PROBLEM DETAILS: Nothing but the lines below between the line holding "BMCiTYBM Baby Toddler" and the line holding "Lego Designed 3-Compartment", inclusive, should appear in the answer, each set down exactly.

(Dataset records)
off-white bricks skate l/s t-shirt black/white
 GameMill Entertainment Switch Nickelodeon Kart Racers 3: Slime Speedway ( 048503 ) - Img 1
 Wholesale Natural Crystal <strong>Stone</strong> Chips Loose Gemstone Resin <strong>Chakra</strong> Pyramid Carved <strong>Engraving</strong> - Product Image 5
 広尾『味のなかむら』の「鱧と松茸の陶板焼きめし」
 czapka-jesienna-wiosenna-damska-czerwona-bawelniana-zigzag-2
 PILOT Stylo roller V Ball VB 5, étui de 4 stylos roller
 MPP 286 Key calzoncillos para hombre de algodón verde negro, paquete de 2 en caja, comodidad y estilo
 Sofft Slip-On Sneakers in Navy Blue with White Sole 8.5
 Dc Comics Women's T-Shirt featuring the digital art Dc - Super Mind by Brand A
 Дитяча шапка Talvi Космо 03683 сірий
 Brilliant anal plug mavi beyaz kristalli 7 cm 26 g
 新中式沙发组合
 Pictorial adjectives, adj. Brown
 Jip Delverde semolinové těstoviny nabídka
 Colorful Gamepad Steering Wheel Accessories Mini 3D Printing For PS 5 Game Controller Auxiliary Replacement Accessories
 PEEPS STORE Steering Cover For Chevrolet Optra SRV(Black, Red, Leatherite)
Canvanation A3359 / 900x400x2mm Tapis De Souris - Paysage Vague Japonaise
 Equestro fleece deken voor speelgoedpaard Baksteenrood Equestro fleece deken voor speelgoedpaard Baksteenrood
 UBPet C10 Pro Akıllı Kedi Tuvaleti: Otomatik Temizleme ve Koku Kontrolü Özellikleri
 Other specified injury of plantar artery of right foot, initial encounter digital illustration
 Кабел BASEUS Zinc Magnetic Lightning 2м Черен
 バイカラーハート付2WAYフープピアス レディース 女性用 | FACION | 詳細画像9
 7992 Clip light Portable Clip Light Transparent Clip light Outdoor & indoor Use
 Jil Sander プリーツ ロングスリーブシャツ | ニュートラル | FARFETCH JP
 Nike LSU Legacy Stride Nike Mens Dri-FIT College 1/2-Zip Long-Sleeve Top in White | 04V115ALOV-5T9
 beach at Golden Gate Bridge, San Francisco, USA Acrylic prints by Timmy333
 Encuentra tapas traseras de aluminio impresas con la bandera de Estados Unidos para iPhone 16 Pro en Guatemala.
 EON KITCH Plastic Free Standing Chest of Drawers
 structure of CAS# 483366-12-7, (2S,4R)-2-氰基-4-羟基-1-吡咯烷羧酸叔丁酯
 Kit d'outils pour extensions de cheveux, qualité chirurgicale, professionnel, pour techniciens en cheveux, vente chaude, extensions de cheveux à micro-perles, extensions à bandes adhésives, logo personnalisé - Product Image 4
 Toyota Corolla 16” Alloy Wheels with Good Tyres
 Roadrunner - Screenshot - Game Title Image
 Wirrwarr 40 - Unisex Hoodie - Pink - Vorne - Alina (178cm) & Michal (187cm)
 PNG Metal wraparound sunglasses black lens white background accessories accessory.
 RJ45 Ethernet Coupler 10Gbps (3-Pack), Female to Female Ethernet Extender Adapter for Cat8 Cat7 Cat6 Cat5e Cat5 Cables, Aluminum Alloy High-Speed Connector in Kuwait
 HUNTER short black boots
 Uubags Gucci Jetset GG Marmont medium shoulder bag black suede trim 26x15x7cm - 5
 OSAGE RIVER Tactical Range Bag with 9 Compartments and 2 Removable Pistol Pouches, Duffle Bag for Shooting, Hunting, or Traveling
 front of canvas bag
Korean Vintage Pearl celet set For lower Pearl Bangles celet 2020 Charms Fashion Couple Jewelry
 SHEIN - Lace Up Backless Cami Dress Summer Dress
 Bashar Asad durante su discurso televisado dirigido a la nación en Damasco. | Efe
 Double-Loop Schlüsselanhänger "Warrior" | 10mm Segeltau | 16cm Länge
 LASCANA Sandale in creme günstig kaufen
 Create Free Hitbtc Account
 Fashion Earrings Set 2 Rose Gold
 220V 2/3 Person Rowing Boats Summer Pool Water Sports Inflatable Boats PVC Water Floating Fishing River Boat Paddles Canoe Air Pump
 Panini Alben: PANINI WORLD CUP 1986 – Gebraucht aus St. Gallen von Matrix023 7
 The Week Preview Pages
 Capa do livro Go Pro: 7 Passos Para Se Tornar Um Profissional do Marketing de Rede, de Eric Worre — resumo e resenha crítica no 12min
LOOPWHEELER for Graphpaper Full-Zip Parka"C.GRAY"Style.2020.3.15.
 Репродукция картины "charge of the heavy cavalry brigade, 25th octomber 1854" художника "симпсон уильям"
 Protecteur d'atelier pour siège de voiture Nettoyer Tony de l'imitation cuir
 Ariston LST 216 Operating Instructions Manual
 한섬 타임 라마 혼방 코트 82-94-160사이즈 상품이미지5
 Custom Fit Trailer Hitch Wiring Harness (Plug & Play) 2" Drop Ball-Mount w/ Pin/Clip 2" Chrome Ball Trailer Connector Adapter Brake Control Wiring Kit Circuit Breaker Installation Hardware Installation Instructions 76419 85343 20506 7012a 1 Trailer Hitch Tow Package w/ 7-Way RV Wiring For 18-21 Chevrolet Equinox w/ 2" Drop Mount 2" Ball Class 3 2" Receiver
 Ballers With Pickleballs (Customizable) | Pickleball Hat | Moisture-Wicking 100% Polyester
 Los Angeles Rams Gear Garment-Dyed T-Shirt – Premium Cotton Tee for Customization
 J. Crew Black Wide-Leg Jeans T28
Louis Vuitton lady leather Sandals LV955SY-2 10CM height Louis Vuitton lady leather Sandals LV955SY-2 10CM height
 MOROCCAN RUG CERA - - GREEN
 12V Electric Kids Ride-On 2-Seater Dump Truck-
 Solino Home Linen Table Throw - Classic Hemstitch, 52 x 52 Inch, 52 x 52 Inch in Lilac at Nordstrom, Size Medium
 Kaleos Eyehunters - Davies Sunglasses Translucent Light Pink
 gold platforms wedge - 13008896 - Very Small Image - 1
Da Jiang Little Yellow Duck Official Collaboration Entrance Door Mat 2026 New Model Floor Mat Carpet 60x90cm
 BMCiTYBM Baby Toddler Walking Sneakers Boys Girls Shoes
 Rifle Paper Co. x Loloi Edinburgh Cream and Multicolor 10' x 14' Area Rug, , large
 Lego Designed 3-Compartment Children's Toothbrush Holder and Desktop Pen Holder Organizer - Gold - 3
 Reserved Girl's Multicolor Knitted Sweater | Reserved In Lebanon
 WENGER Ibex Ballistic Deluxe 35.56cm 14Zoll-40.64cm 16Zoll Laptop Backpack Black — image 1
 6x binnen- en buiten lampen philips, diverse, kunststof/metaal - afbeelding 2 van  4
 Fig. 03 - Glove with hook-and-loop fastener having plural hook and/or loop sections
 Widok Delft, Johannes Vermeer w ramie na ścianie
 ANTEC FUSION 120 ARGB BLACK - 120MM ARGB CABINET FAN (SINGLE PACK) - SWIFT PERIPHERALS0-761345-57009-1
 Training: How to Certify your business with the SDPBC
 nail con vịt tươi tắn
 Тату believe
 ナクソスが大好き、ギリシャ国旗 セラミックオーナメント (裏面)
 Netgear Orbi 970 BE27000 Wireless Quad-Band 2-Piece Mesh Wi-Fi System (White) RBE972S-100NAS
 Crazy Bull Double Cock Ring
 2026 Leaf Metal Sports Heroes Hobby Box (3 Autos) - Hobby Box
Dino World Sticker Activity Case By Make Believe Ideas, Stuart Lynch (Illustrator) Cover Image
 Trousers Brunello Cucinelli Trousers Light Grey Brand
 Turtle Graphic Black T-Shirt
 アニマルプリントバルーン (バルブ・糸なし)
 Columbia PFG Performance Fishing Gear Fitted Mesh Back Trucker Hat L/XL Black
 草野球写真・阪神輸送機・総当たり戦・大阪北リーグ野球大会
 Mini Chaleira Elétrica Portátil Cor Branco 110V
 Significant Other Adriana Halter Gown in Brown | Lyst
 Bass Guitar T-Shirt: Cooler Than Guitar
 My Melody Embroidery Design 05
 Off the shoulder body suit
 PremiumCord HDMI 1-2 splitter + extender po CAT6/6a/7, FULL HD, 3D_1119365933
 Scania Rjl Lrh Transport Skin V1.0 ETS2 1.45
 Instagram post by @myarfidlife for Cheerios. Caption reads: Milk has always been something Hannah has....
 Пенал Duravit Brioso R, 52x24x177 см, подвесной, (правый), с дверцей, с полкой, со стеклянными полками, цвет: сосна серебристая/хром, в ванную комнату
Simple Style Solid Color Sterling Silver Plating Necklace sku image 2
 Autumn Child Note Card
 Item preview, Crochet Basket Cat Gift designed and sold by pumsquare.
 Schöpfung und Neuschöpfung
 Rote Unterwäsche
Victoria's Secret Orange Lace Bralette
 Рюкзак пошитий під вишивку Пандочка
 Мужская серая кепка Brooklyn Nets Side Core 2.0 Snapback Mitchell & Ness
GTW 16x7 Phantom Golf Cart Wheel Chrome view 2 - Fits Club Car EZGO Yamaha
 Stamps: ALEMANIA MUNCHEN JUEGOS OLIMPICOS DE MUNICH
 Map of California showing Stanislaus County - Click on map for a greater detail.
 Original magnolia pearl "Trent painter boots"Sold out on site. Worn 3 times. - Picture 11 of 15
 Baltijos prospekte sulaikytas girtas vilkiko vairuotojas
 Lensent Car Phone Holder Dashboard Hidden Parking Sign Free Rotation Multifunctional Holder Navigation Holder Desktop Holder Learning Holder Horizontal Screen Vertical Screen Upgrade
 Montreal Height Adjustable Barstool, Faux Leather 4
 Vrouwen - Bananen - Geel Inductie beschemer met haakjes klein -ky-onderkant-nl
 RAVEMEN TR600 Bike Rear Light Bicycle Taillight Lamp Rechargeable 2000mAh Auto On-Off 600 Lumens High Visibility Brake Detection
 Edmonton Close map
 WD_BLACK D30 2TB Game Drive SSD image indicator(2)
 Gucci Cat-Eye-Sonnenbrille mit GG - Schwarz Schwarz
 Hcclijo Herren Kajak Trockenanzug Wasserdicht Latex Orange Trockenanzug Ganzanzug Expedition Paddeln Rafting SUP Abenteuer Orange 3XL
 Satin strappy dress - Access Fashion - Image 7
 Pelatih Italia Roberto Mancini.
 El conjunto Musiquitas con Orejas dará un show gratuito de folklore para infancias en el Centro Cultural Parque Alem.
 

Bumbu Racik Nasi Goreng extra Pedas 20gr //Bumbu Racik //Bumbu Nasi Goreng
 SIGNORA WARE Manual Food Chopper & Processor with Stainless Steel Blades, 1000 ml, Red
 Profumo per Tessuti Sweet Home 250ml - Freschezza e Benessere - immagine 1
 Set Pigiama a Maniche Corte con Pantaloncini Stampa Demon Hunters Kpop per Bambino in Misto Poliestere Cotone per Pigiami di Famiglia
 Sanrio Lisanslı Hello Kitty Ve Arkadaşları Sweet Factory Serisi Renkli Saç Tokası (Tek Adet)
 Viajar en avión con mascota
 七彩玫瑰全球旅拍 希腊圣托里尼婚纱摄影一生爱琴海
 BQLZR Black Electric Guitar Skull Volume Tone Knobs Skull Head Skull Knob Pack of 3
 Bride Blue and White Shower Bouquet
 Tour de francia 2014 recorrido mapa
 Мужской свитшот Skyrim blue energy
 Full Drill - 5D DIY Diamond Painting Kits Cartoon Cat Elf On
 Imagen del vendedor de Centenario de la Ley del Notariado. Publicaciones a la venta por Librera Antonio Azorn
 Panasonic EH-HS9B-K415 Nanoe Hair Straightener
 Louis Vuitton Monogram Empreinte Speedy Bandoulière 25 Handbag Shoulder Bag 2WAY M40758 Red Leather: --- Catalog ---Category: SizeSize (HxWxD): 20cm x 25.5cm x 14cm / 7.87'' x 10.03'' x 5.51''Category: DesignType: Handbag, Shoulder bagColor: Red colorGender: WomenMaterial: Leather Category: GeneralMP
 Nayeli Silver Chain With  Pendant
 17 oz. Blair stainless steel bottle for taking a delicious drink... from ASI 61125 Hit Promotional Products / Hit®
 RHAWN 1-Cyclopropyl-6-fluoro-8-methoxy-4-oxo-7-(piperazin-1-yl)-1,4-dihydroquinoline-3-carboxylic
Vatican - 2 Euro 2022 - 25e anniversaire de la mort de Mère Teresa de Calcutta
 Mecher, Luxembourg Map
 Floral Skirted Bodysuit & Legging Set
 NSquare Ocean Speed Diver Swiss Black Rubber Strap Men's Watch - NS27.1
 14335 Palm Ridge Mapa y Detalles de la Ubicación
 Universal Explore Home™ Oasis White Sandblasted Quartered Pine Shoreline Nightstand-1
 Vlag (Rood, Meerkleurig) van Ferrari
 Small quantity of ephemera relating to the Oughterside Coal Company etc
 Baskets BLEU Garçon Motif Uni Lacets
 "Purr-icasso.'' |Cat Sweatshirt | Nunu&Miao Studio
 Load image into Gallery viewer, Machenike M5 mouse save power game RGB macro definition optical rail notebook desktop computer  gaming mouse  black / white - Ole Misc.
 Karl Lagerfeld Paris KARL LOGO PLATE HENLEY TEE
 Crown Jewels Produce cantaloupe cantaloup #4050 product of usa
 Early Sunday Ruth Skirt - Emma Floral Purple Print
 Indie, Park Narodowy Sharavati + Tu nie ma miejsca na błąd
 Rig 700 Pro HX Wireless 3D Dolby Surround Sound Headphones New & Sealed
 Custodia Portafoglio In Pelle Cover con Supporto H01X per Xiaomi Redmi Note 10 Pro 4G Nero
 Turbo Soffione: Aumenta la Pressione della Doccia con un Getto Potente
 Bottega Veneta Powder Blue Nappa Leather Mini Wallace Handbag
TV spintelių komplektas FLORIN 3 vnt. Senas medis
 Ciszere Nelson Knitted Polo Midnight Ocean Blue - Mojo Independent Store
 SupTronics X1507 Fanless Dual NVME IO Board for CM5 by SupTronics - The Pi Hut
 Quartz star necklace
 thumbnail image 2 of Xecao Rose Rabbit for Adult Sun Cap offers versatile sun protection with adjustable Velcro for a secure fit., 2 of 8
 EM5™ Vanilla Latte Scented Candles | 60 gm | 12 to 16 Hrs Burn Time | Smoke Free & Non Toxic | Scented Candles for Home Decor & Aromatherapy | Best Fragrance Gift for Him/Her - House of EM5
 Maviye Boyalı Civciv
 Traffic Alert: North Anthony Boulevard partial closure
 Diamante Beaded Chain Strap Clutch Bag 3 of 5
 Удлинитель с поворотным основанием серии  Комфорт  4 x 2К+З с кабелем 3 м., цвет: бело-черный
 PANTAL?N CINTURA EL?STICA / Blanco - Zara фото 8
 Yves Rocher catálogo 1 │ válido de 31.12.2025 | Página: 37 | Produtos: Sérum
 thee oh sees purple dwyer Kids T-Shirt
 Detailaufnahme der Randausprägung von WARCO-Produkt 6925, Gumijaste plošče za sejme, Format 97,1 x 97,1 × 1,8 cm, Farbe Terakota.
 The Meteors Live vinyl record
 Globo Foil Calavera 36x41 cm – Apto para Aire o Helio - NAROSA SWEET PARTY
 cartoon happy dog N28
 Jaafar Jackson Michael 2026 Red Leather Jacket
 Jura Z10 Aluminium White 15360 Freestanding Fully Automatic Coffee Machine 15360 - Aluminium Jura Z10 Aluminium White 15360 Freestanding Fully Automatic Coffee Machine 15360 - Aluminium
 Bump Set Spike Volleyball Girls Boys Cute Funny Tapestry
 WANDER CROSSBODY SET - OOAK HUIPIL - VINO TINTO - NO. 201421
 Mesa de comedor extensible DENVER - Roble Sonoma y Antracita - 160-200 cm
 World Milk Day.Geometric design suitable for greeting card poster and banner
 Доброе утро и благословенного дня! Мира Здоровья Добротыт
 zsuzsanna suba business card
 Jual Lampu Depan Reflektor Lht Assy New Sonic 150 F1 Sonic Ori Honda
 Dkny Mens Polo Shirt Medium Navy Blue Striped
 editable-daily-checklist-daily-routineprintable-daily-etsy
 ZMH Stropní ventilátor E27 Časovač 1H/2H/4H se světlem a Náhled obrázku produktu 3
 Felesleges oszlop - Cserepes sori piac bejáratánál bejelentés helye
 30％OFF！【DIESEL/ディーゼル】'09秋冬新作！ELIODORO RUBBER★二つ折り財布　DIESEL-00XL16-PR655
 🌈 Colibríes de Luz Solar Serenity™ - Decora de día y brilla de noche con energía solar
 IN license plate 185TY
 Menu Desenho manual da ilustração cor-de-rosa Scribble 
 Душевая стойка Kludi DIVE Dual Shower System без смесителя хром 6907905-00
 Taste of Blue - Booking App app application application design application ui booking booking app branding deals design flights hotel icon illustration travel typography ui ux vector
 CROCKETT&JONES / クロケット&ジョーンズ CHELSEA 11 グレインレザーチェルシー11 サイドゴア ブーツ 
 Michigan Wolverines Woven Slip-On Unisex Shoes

WRITTEN REPLY:
 BMCiTYBM Baby Toddler Walking Sneakers Boys Girls Shoes
 Rifle Paper Co. x Loloi Edinburgh Cream and Multicolor 10' x 14' Area Rug, , large
 Lego Designed 3-Compartment Children's Toothbrush Holder and Desktop Pen Holder Organizer - Gold - 3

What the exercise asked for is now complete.